Posted by on 27 May 2016 - 10:01 AM

I just realized: are you clearing the colour, depth and stencil buffers every frame? (at least the ones linked to the swap chain)
If you're not, you're creating inter-frame dependencies that could also explain this behaviour.

#5293684 [Solved]NV Optimus notebook spend too much time in copy hardware queue?

Posted by on 26 May 2016 - 04:35 PM

By the way if you're reading from the framebuffer, it would totally explain it (i.e. postprocessing, or worse... reading from CPU).
Treat the backbuffer as write-only.

#5292902 Hybrid Frustum Traced Shadows

Posted by on 22 May 2016 - 12:40 PM

Also the how does the irregular z-buffer fit into this?

They don't use an irregular z-buffer. They don't even need a Z-buffer. Pay attention again: instead of storing depth at each pixel, they store the triangle's plane equation coefficients. A Z-buffer is used to store depth. If they don't store depth, they are not using a Z-buffer.

So where does this https://developer.nvidia.com/sites/default/files/akamai/gameworks/Frustum_Trace.jpg fit into what you just described.

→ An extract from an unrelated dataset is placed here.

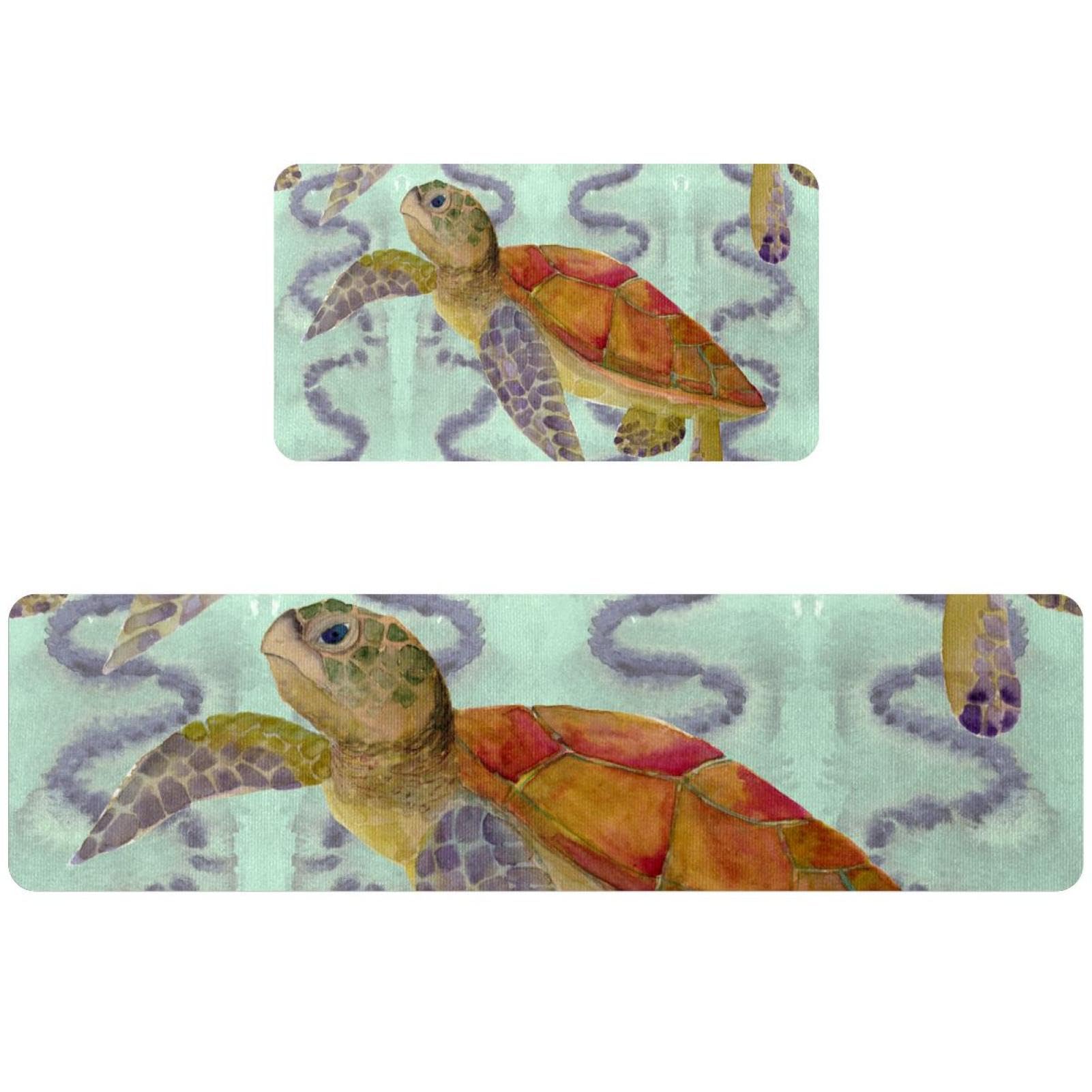 Alfombrillas de cocina con tortugas marinas que llenan de frescura marina tu zona de cocinado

The picture is a visual description of "depthAtReceiver >= calculateDepthAt( planeEquationCoefficients, x, y );"

#5292790 Hybrid Frustum Traced Shadows

Posted by on 21 May 2016 - 04:49 PM

During the caster pass, instead of storing depth at each pixel, they store the triangle's plane equation coefficients.


During the receiver pass, instead of doing depthAtReceiver >= depthAtShadowmap test like in regular shadow mapping, they perform a depthAtReceiver >= calculateDepthAt( planeEquationCoefficients, x, y );

Becoming effectively a form of raytracing since it's a ray vs triangle intersection test.

#5292789 Terrain Rendering

Posted by on 21 May 2016 - 04:40 PM

Now, why one single VBO?

Well, i see no reason to use multiple VBO since i can scale down my patch.

For instance, a level 0 patch of 33x33 vertices splits into 4 33x33 patches having 0.25 the size of the parent patch.

(33 x 33 vertices means a width and height of 32, i love numbers that are a power of 2, probably an OCD or something.)

The question is why do you need a VBO at all?

With modern GPUs, you can compute the XZ position via gl_VertexID (gl_VertexID / verticesPerRow; gl_VertexID % verticesPerRow); and grab the Y component from the heightmap texture.

#5292373 Pixel Shader 3 weirdness

Posted by on 18 May 2016 - 05:16 PM

The others are right. It is a requirement to match VS 3.0 shaders with PS 3.0

The only exception is VS_SW 3.0 which can be matched with PS 2.0 (very old Intel cards).


If you turn on the Debug Layer you would have spotted this issue. The Debug Runtimes are your friend.